Configuring input and output elements
Configuring Workflow Input elements
Workflow Input elements are the main element type for bringing data into a workflow. At least one such element must be present in a workflow. By default, when a workflow is launched, the workflow wizard will prompt for data to be selected from the Navigation Area, or for data files to be imported on-the-fly using any compatible importer.
Workflow Input elements support the input of CLC format data, as well as raw trace files. When launching the workflow, data outside CLC locations is selected by choosing the "Select files for import" option. Doing this is referred to as on-the-fly import.
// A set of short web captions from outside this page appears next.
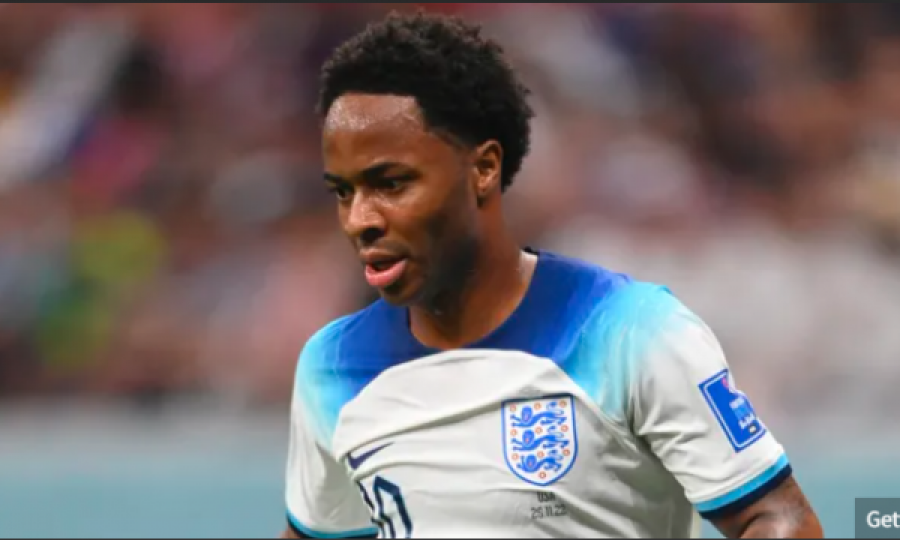 Sterling pagëzohet në një kishë në Xhamajka para debutimit me Arsenalin
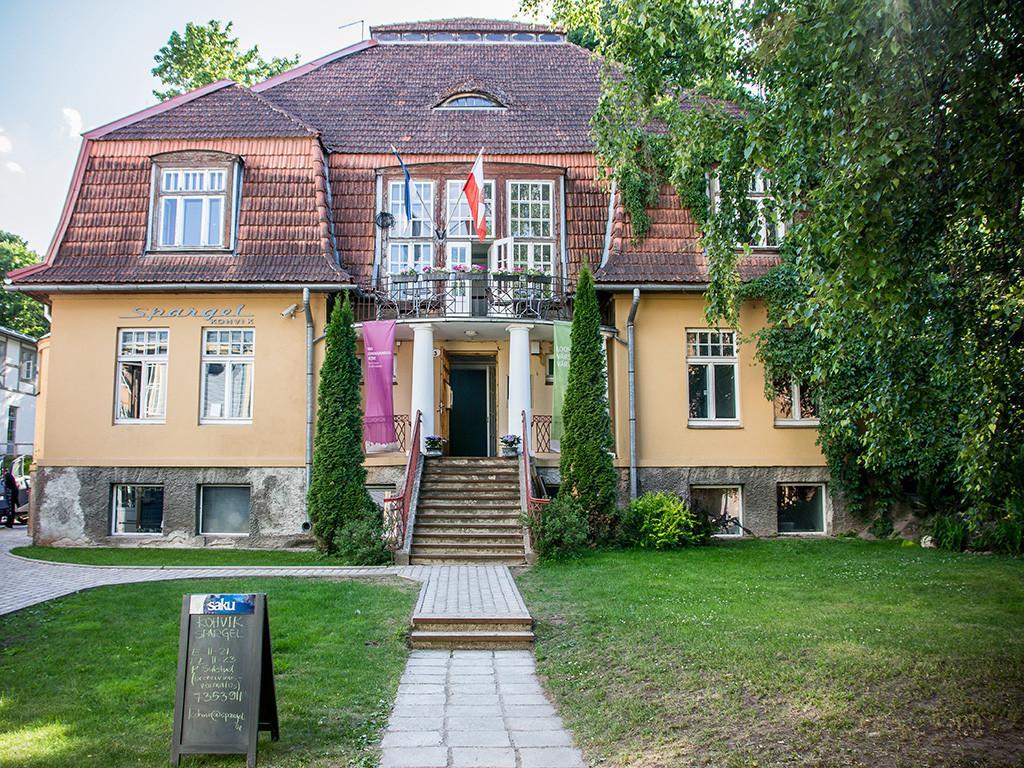 Restaurant Spargel and view of the house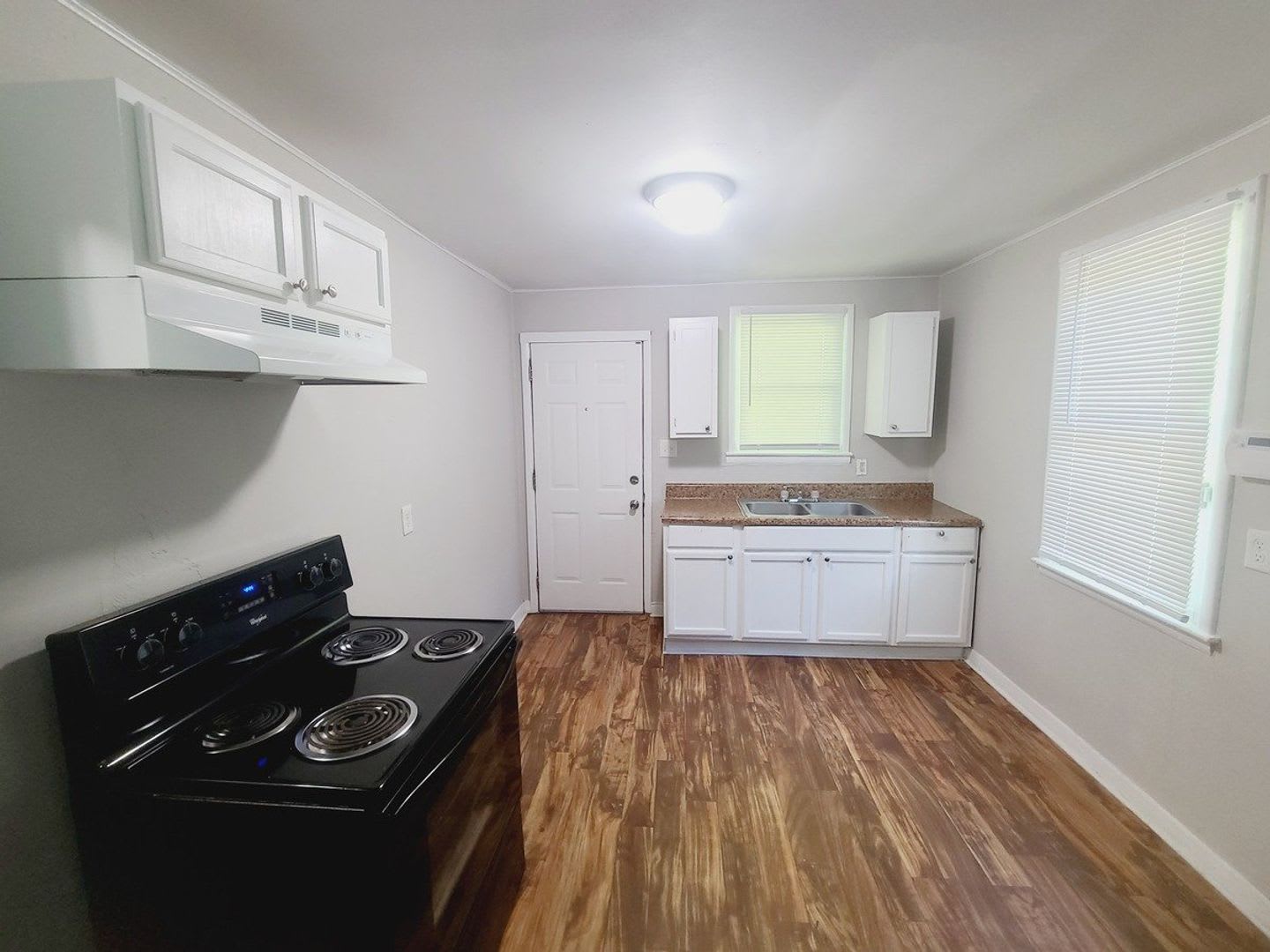 Room in 2 Bedroom Home at Celia Ave – photo 1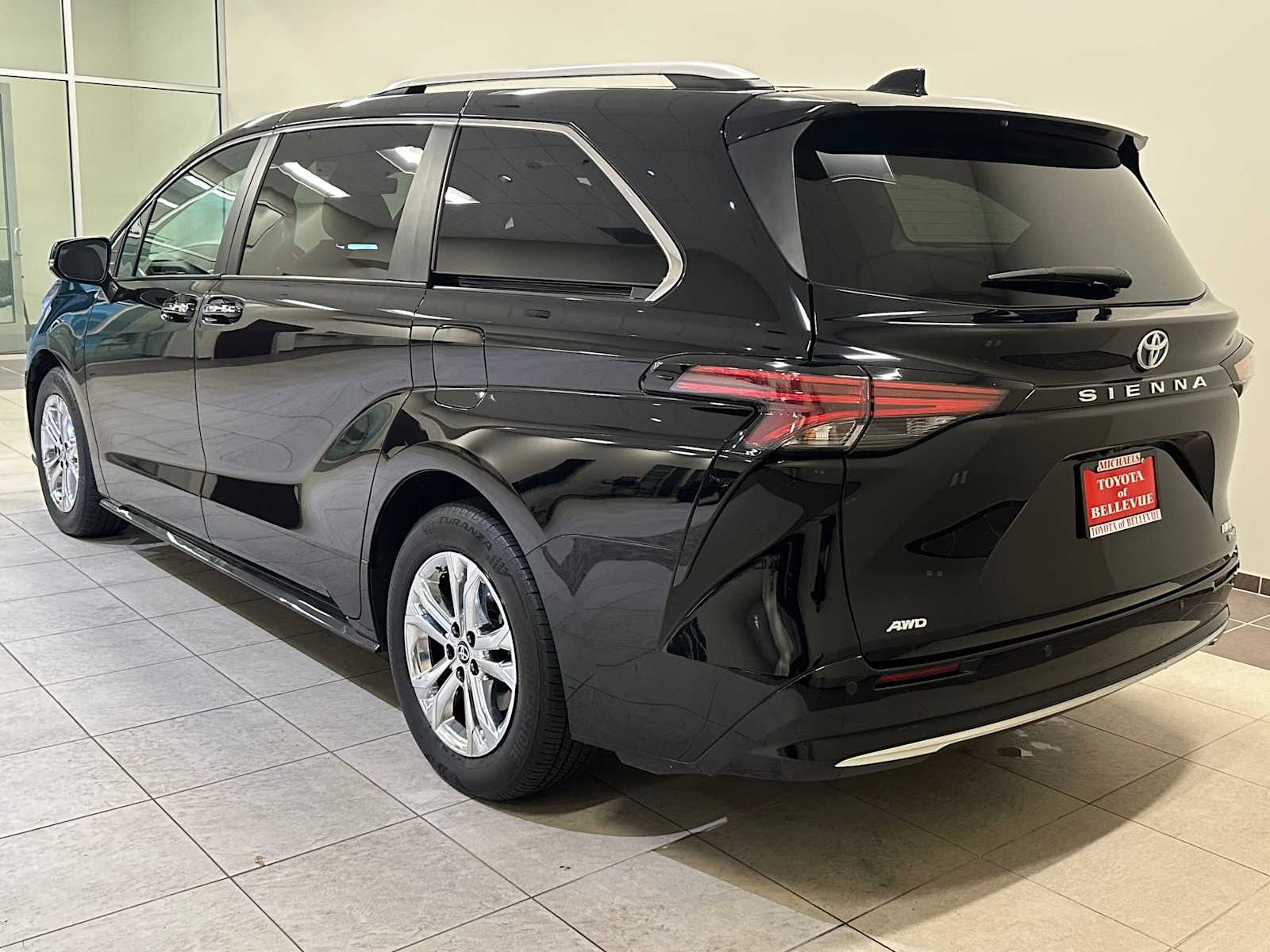 Thumbnail: 2022 Toyota Sienna - 4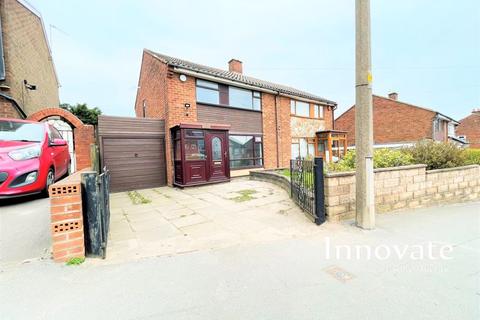 3 bedroom semi-detached house to rent, Newbury Lane, Oldbury B69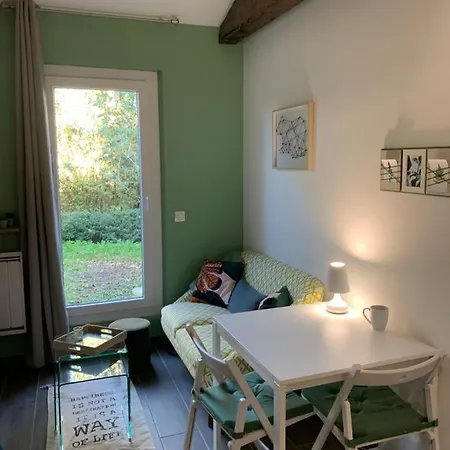 Le Vert D'eau, Maisonnette Avec Jardin - Centre *
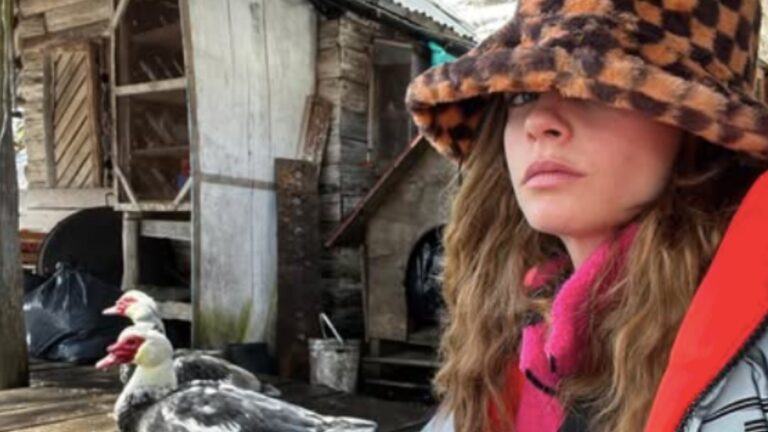 Cara Delevigne Breaks Down Friendship With Taylor Swift and How They Are ‘Very Different People’ Cara Delevigne poses with ducks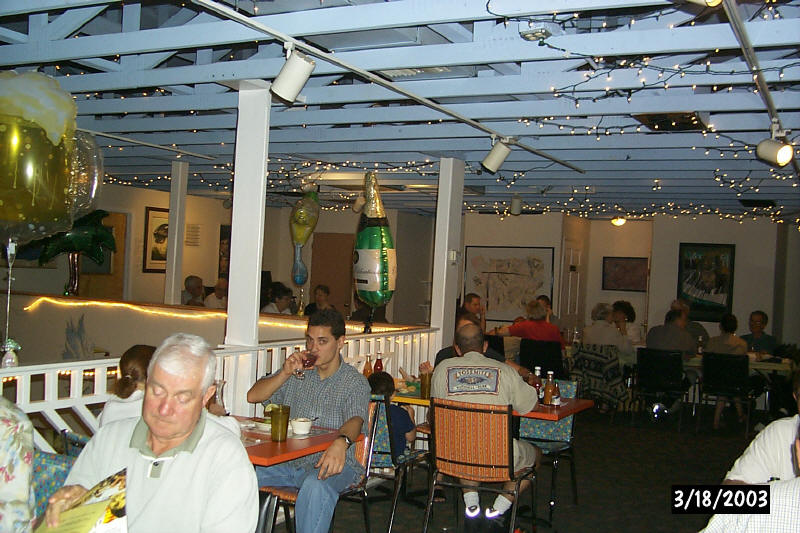 A full dining room at Habana Café, March 2003
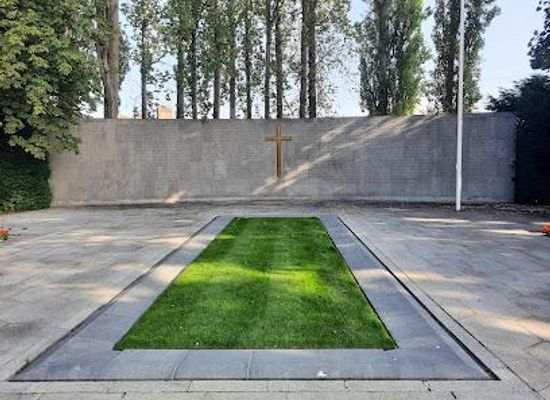 ireland/county-dublin/attraction/arbour-hill-cemetery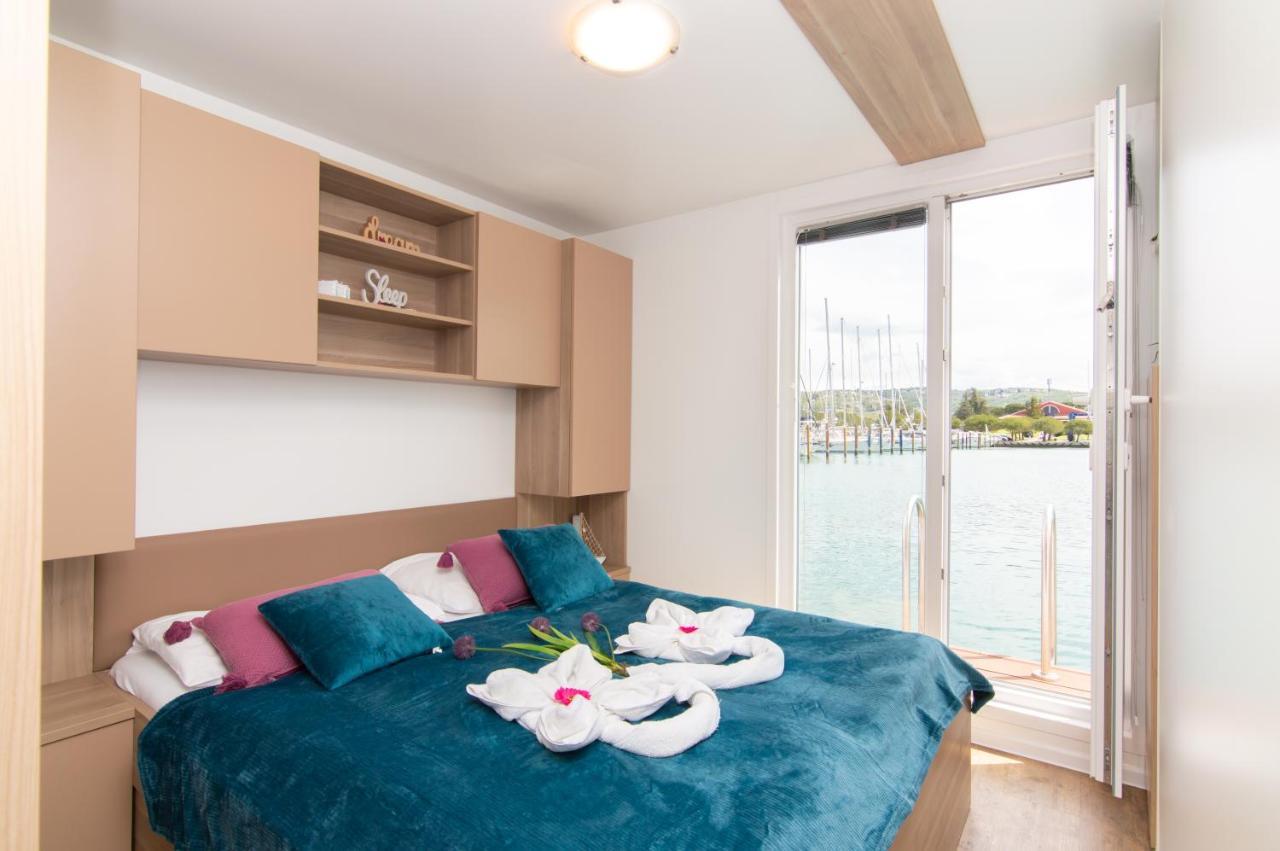Floating House Adela Villa Порторож Екстериор снимка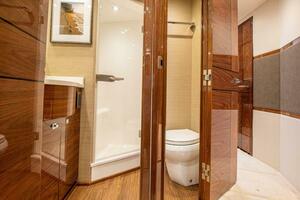 2023 Viking 64 Convertible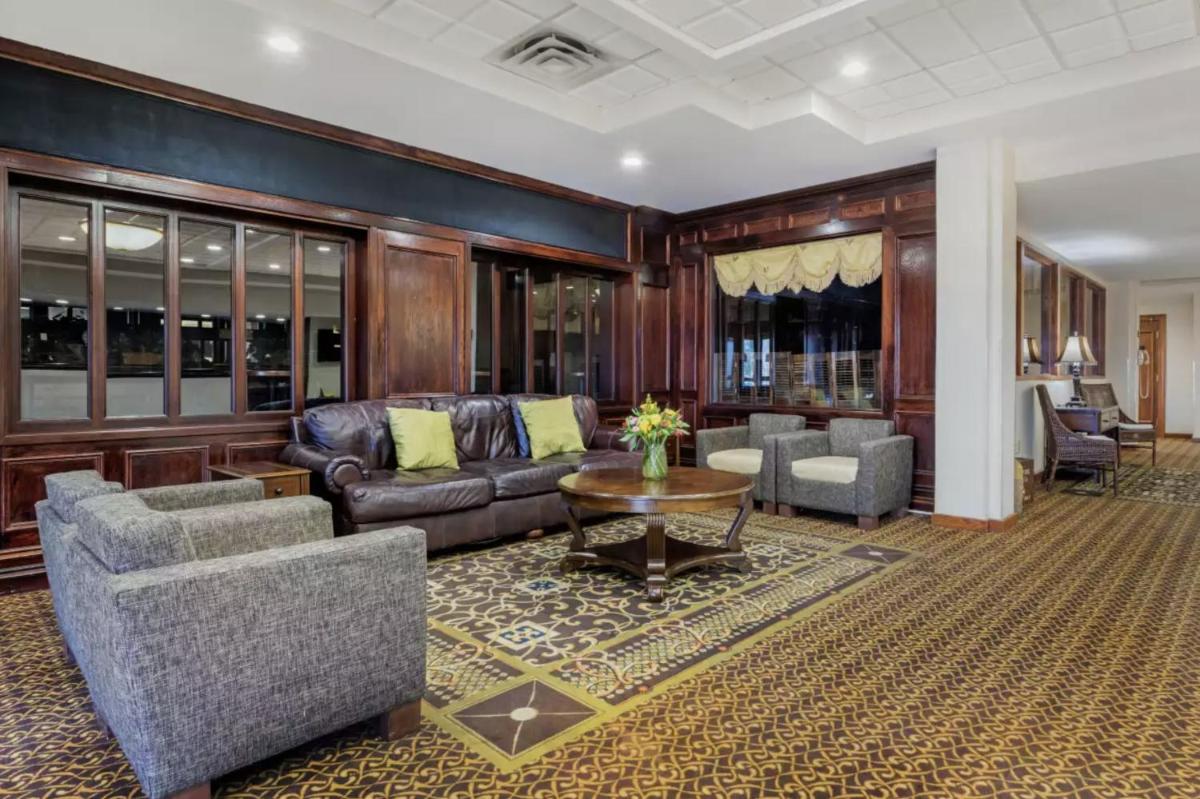 Charming Rooms with Bath, NEW CUMBERLAND - SK - Housity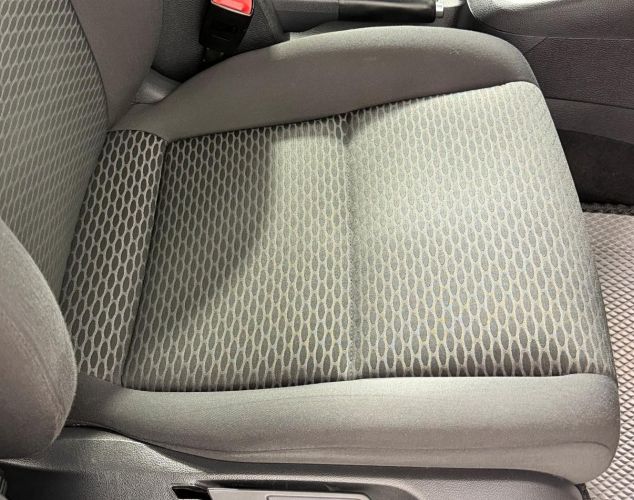 Volkswagen Golf  Trendline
Like other workflow elements, Input elements can be configured to restrict the options available for configuration when launching the workflow. See Basic configuration of workflow elements for more on locking and unlocking element options.
Configuring import options
Selection of input data from the Navigation Area (already imported data) or import of raw data using on-the-fly import can be enabled or disabled in Input elements. (figure 13.38).
When on-the-fly import is enabled, you can choose whether to limit the importers available when the workflow is launched, and you can configure settings for importers that are selected. On-the-fly import options are:
- Allow any compatible importer All compatible importers will be available when launching the workflow and all the options for each importer will be configurable.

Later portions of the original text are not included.